## WORK TO COMPLETE
Please restate word for word all lines from the one containing "Mavi gökyüzünde parlak sıcak hava balonu" to the final line of the entries, and include no pictures.

## ENTRIES PROVIDED
━━━━━━━━━━

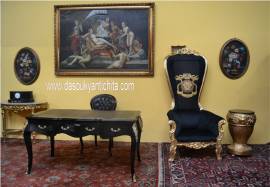 Trono dorato stile Barocco in velluto nero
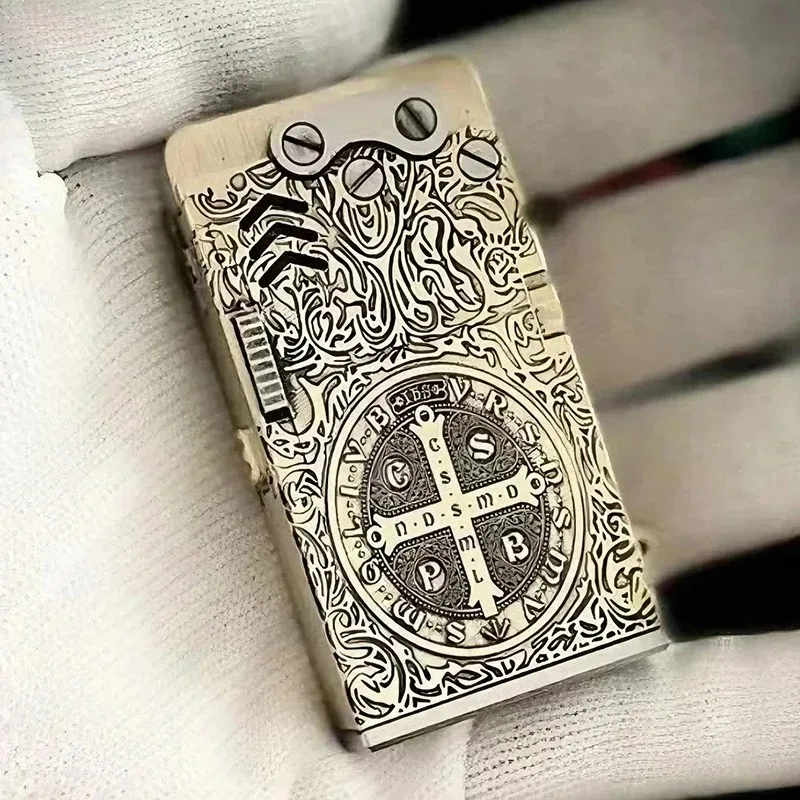 Handmade Brass Mechanical Automatic Ignition Kerosine Lighter and Titanium Alloy Material Gift Box Smoke Accesoires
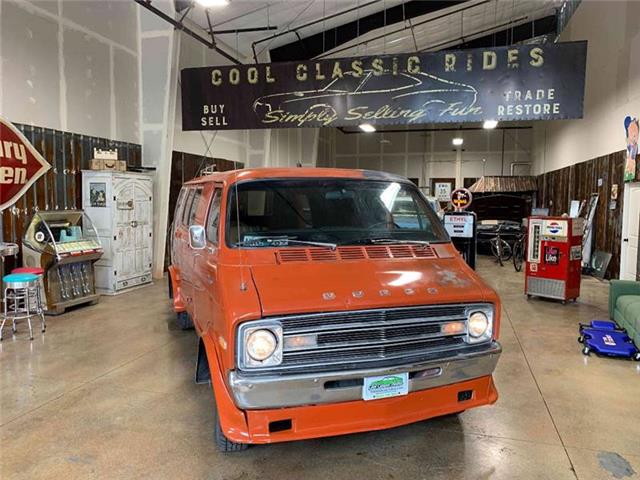 1977 Dodge Ram Van Tradesman B200 - photo 2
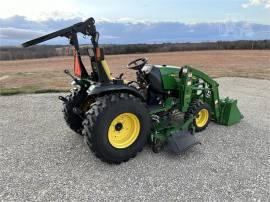 2011 JOHN DEERE 2520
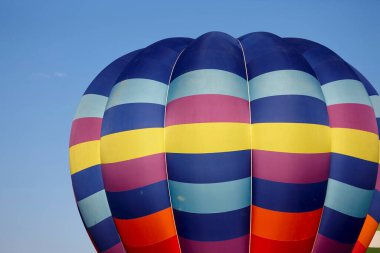 Mavi gökyüzünde parlak sıcak hava balonu  
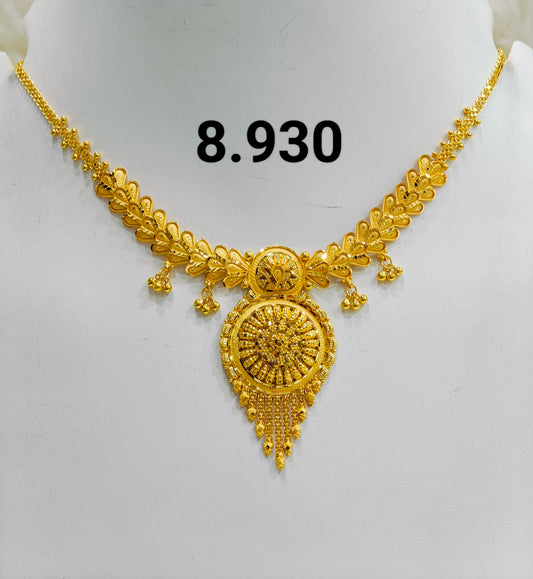 Short regular necklace 233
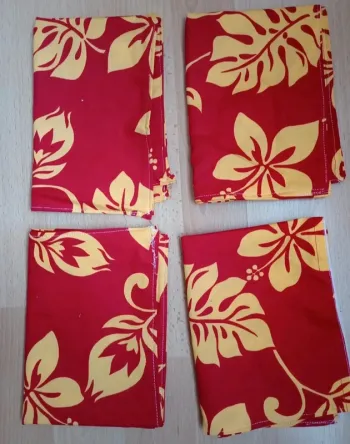Lot de 4 serviettes de table style Hawaii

━━━━━━━━━━

## EXPECTED OUTPUT
 Mavi gökyüzünde parlak sıcak hava balonu  
 Short regular necklace 233
Lot de 4 serviettes de table style Hawaii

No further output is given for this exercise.